Leyendo los testimonios de las chicas que de manera anónima escribían en las cuentas de Varones en Instagram (siguen allí y se pueden leer, aunque es una experiencia triste y abrumadora que no recomiendo), en muchos casos era posible detectar un patrón que, en caso de confirmarse lo de Alberto Fernández, podría pasar a llamarse El patrón Alberto: los hombres se acercaban a las mujeres, muchas de ellas menores o casi, con la coartada de ser “aliades” en su lucha contra al patriarcado. Ese gesto servía para ganar la confianza de las chicas y luego violentarlas de distintas maneras. En algunos casos, llegando a la violencia física. Por supuesto, es necesario indagar cómo es que esos personajes llegan a ejercer esa violencia y hacer todo lo posible por terminar con ella. Pero es difícil que eso se logre con miradas superficiales que atienden más a los gestos y a las narrativas en torno a los gestos, en vez de tomar medidas en el mundo material. A veces son esas miradas superficiales las que, sin desearlo, obviamente, abren la puerta a los falsos “aliades” para ejercer su violencia. Ese parece ser precisamente el patrón en el caso del expresidente argentino.
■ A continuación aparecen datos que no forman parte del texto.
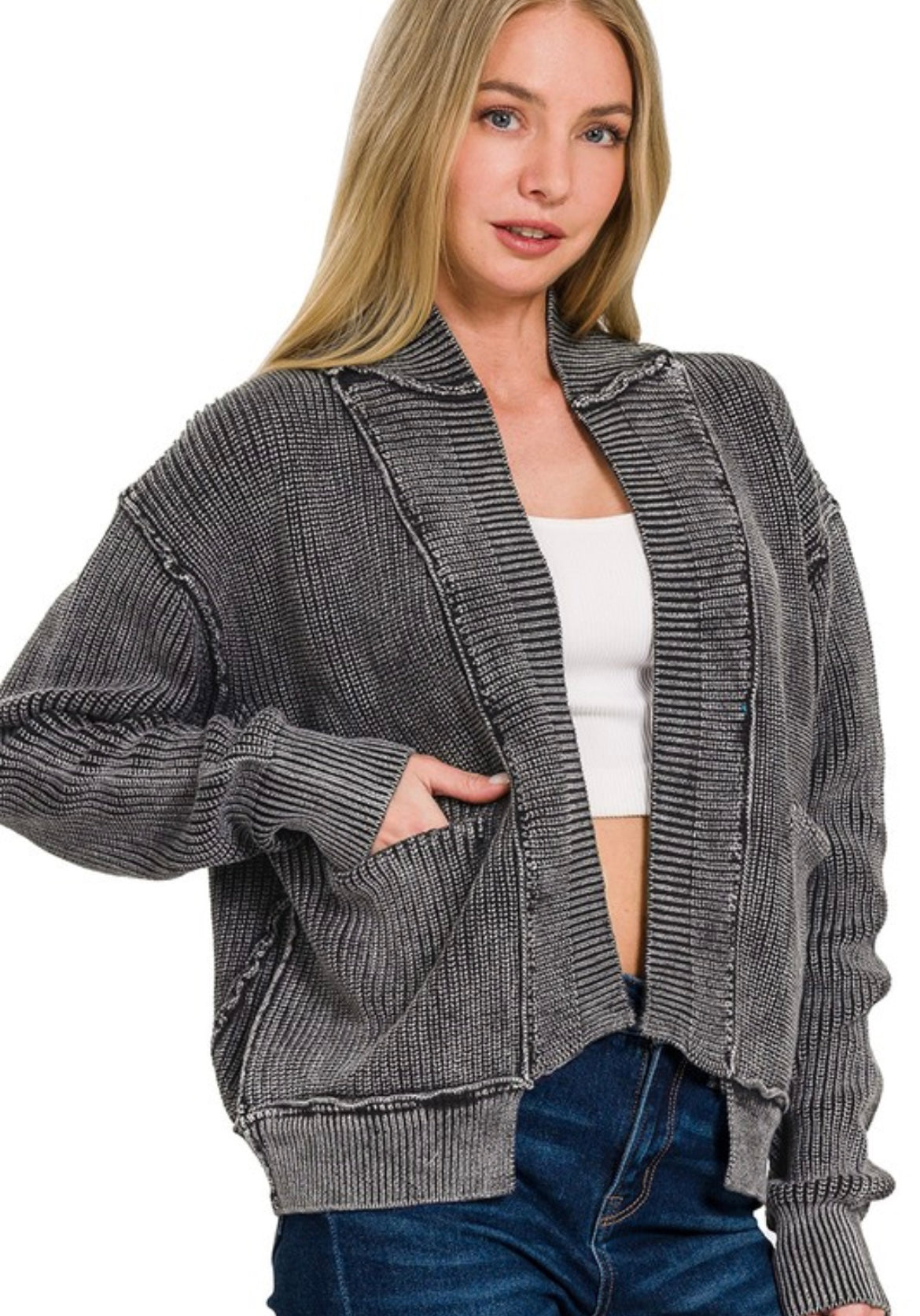 Washed Cardigan with Pockets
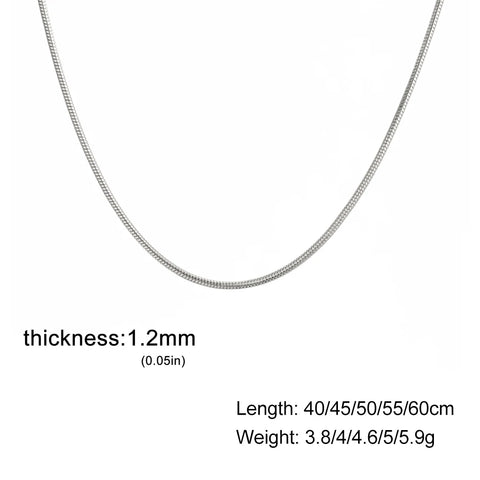 Skyrim Stainless Steel Gold Color Round Snake Chain Necklace for Men and Women | Trendy Punk Jewelry Gift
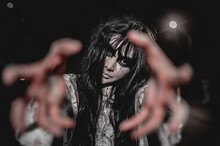 Horror Woman Concept,Ghost On The Road In The City,A Vengeful Spirit On The Street Of The Town,Halloween Festival,Make Up Ghost Face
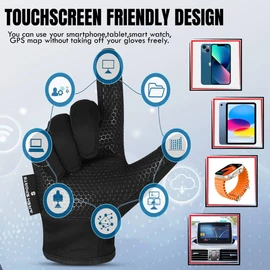 ARSH SPORTS Winter Gloves for Men Women,Windproof Touchscreen Anti-Slip Cold Weather Warm Gloves for Cycling,Driving,Running (Black, XL)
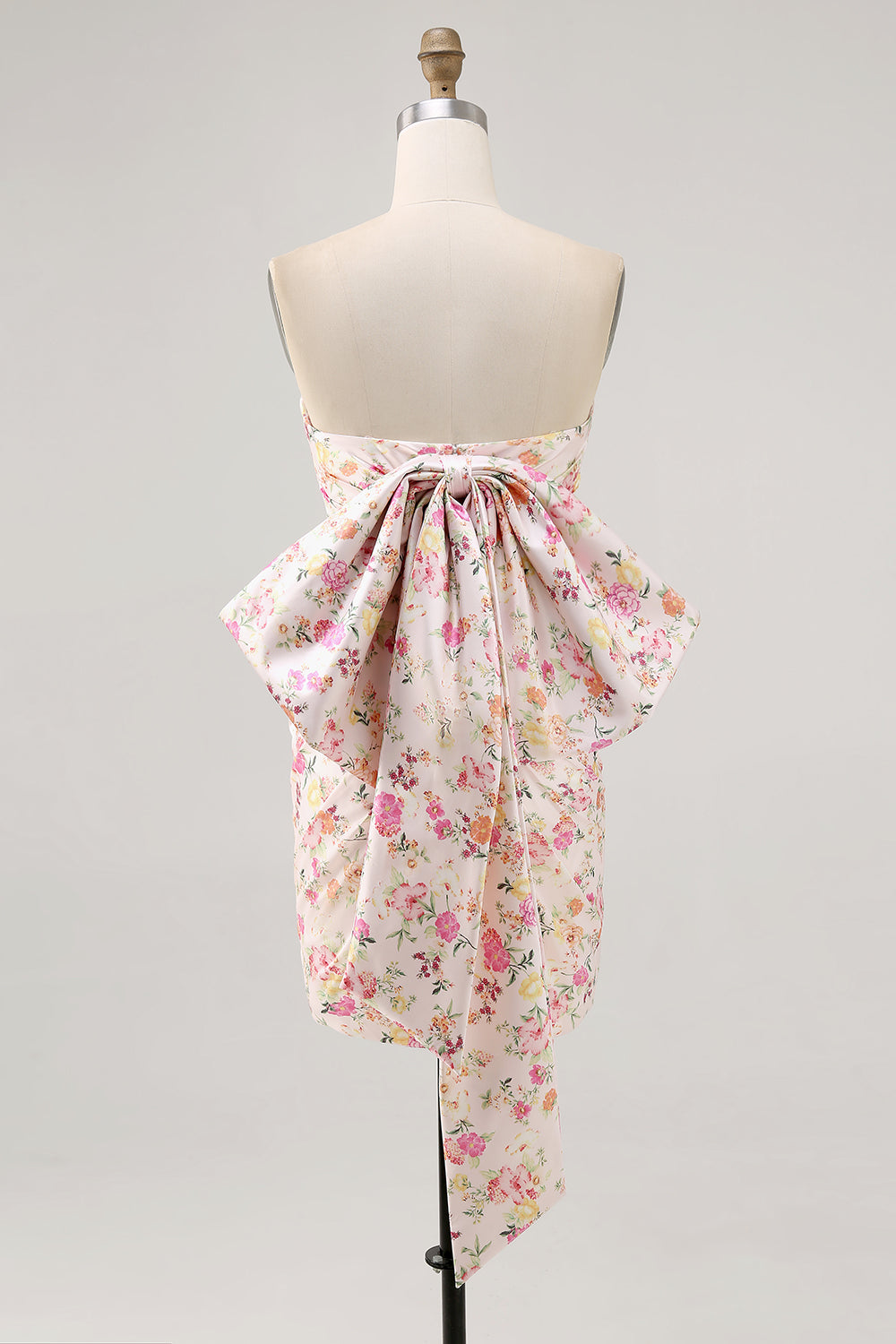 Pink Flower Strapless Bodycon Ruched Homecoming Dress with Bow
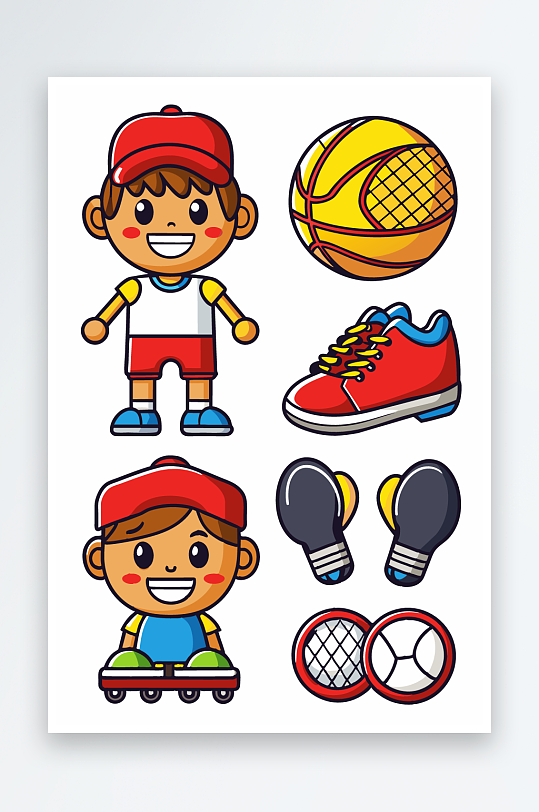 运动装备图标插画元素-众图网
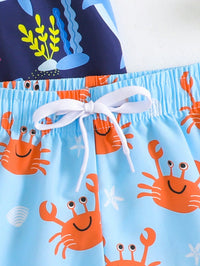Baby Boy Crab & Ocean Creature Print Beach Shorts กางเกงว่ายน้ำเด็กทารก Boy Swim Trunk Set ชุดว่ายน้ำสำหรับทารกกางเกงว่ายน้ำเด็กชายสำหรับฤดูร้อน ชุดว่ายน้ำเด็กทารก กางเกงว่ายน้ำเด็กผู้ชาย กางเกงชายหาด Boy Beachwear กางเกงว่ายน้ำสำหรับเด็ก ชุดว่ายน้ำเด็กผู้ชาย กางเกงว่ายน้ำเด็กผู้ชาย Crab Shark กางเกงว่ายน้ำ Boy Beach Trunks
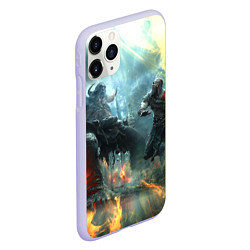 Чехол iPhone 11 Pro матовый God of War Fighting, цвет: 3D-светло-сиреневый — фото 2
La idea de que los modelos culturales presentan una ventaja sobre los modelos biológicos porque son más fácilmente modificables es una tontería seguramente derivada de los libros de autoayuda antes que de la evidencia disponible. Que algo sea cultural no equivale a que sea modificable por la simple voluntad consciente de quien quiere modificarlo. Ese constructivismo for dummies resulta muy efectivo en la pasarela de las redes sociales, donde es fácil quedar bien con la barra aplaudiendo las cosas que se nos dicen son correctas y repudiando las malas. Pero de ninguna manera el carácter cultural de algo implica que sea algo que uno se pone y se saca, como una campera. Los patrones culturales son complejos, difícilmente detectables (todos somos observadores participantes) y más difícilmente modificables. Entiendo que esta es una idea que no es fácil de resumir en un meme, pero así es la vida, muchas cosas no entran en un meme.
Mientras nuestra acción social esté orientada a dar un show de cara a los otros antes que a intentar modificar los problemas de fondo, sabiendo que no se tiene la menor garantía de poder modificarlos, seguirán prosperando los tipos de doble cara, los nefastos y los crápulas. Y así el patrón Alberto seguirá funcionando tan bien como hasta ahora.